Kalbin açılabileceği alan, bedenin bütünü ile açılabileceği alandan çok daha büyük olduğu için mü’minin kalbi ile niyet ettiği işler, bedeni ile yaptığı amelinden daha değerli görülmüştür. Bedenin önünde bir engel, yapılan ameli bitirebilir. Ancak kalbin önünde bir engel yoktur. Kalp niyet eder. Niyetinde de samimi olursa yapamadığı pek çok şeyi yapmış gibi kazanç hanesine yazdırabilir.
Bunun için mü’minler büyük niyetlerin sahibi, büyük düşüncelerin kovalayıcısı olmalıdırlar.
Niyet de bozulur
Niyeti arzular ve zevkler bozabilir. Bu bozulma tamamen fasit bir niyete dönüşecek derecede olursa niyetin hiçbir ibadet değeri kalmaz.
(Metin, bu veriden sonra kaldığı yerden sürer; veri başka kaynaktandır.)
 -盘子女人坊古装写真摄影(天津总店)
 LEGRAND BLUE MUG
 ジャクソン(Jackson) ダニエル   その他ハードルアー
Riya ise niyetin en büyük düşmanıdır. Allah için yapılan bir işte kulların ne diyeceğinin itibara alınması riyadır. Niyete riya bulaştığında, bulaştığı kadar ibadeti eritir.
Niyetin bir başka sorunu da fıkıh bilgisi eksikliğidir. Neyin ne zaman gerektiğini bilmemek yanlış niyetlere sevk edebilir.
Niyet Notları
Yüzde yüz insani yapıdan arındırılmış bir niyet her zaman mümkün olmayabilir. Hatta genellikle zordur da. İnsan oluşumuzun etkisi ve yaşamak için bulundurmak zorunda olduğumuz ihtiyaçlarımız herhangi bir niyetimizi etkileyebilir. Bu etkiden her zaman tamamen tecerrüt iddiası mübalağadır. Gel-gitler, iniş-çıkışlar kaçınılmazdır. Ashabı- kiram bile, Peygamber aleyhisselamın yanında bulundukları zamanki seviye ve heyecanlarını koruyamamışlar ve bunu Peygamber aleyhisselama iletmişlerdir. O da onları ayıplamamış, bilakis bunun böyle süreceğini bildirmiştir.
Bir Müslümanın sıcak bir yaz gününde abdest alırken, su ile serinlenme hazzını içinden söküp atması her zaman beklenemez. Bir meslek erbabının hem kazanıp hem de infakta bulunmasından kazanma ve teşekkür bekleme hazzının tamamen sökülüp atılmasını beklemek de oldukça zordur. Elbette bu seviyede olması arzu edilendir.
Aynı şekilde henüz yaşarken, dünyada da yaptığımız işlerin sonuçlarını görme arzusunu silip atamayız. Yetiştirdiği çocuğun ecrini Allah’tan beklemenin yanında dünya hayatında da bir şeyler beklemek aşırılık değildir. Allah için yapılmış bir işten beşerî bir haz duymak yasak değildir. Tehlikeli olan oranların bozulmasıdır. Allah için olan bir işte bir miktar beşerî haz hissedilmesiyle, bir miktar Allah rızası kalıp gerisinin beşerî hazza dönüşmesi arasında büyük bir fark vardır.
İşin özeti şudur:
Bütün inişlere çıkışlara rağmen, niyetlerimizi riyaya ve zevklere yedirmemeye gayret edeceğiz. Bu bir mücadele türüdür. Ve bu mücadele bizden istenmektedir. Yüzde yüz ihlasa ulaşamadık diye eldekini yok sayamayız.